3 The plaintiff disputes that it is or was in breach of the lease. Alternatively, it says in respect of certain of the alleged breaches that they had been waived by the demand for and acceptance of rent. It contends that if, contrary to its contention, it had breached the lease, the time allowed in the s 129 notices in which to remedy the alleged breaches was unreasonable. It says that any alleged breach was rectified within a reasonable time. It contends that in any event, the notices were invalid as they failed to specify the particular breaches complained of in respect of the covenants referred to in the notices. In the alternative, it seeks relief against forfeiture.
4 There are other matters of contention between the parties apart from the alleged breaches specified in the notices and correspondence referred to in paragraph 2. They are in dispute about the area leased to the plaintiff. They each allege additional breaches of the lease by the other. During the hearing I granted leave to the parties to amend the pleadings so that all of the matters in contention could be resolved. It was necessary to order that three of the further issues raised by the amendments be determined after the determination of the other issues in the proceedings.
The Property Leased
5 One of the reasons for the parties' ongoing dispute is uncertainty as to the property leased. I will deal with that issue first.
6 On 15 December 2003, the plaintiff and the defendant entered into a lease of premises described as "Part C/321266 Being the Service Station, Convenience Store and Factory Space behind the Workshop known as 47 Lakemba Street, Belmore".
7 The lease is for a term of five years commencing on 15 December 2003 with two five-year options of renewal. The permitted use of the premises is as a petrol station and convenience store.

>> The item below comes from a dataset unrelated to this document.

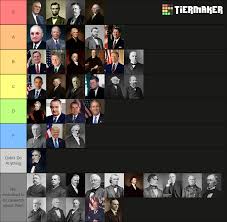 As chief of the executive branch and head of the federal government as a whole. American Presidents Tier List According To An Eastern European Tierlists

8 The property known as 47 Lakemba Street comprises two lots, namely Lot C in Deposited Plan 321266 and Lot A in Deposited Plan 33507. There is one building which straddles both lots. The part of the building which is on Lot C is the convenience store which is the subject of lease to the plaintiff. Part of the area admittedly leased to the plaintiff comprises two small rooms adjacent to and forming part of the convenience store. These are located on Lot A. The remaining part of the building on Lot A comprises a shop, for a time used as a mobile phone shop, and a mechanical workshop. Neither of those parts of the building is leased to the plaintiff. The workshop is leased to JYW Pty Ltd, a company owned and controlled by a Mr Chidiac, who is a relative by marriage of Mr George Maatouk, the sole director and principal shareholder of the defendant. The factory space behind the workshop is on Lot A. The petrol bowsers are partly on Lot C and partly on Lot A. The underground fuel tanks are on Lot A in front of the workshop. The filling points for the underground fuel tanks are on Lot A, as are the "dip points", being points from which the plaintiff measures the level of fuel in the underground tanks. Vents and pipes for the underground tank storage are also located on Lot A. Reproduced as annexure "A" to these reasons is a plan of 47 Lakemba Street and the adjacent building on Lot B of DP 321266 described as "rendered building Maatouk's Tyre Service". That building is owned by JYW Pty Ltd.
9 The defendant contends that the area leased to the plaintiff comprises the factory space behind the workshop wall on Lot A, but no part of the driveway on Lot A up to a point level to the rear wall of the workshop and no part of the forecourt of Lot A where the underground tanks, fuel and dip points and some of the petrol bowsers are situated. The defendant also says that the area leased on Lot C does not comprise the driveway from Lot C to Lakemba Street, nor the side and rear passage depicted on the plan. It also contends, as appears to be common ground, that two toilets on Lot C which abut the side passage are not part of the property leased. Annexure "B" to these reasons is a diagram prepared by Mr Peter Maatouk, Mr George Maatouk's son. He is also the defendant's solicitor. The diagram sets out what the defendant contends is the area leased. It shows areas described by Mr Peter Maatouk as "common property", meaning as I understand it, land owned by the defendant and not leased to any tenant, but in respect of which he says the plaintiff has non-exclusive rights of access. Although not depicted on the diagram, this would include the bowsers and driveway in front of the mobile phone shop, and the fuel and dip points in front of the workshop, as well as the driveway leading from the service station to Lakemba Street adjacent to Lot B of DP 321266.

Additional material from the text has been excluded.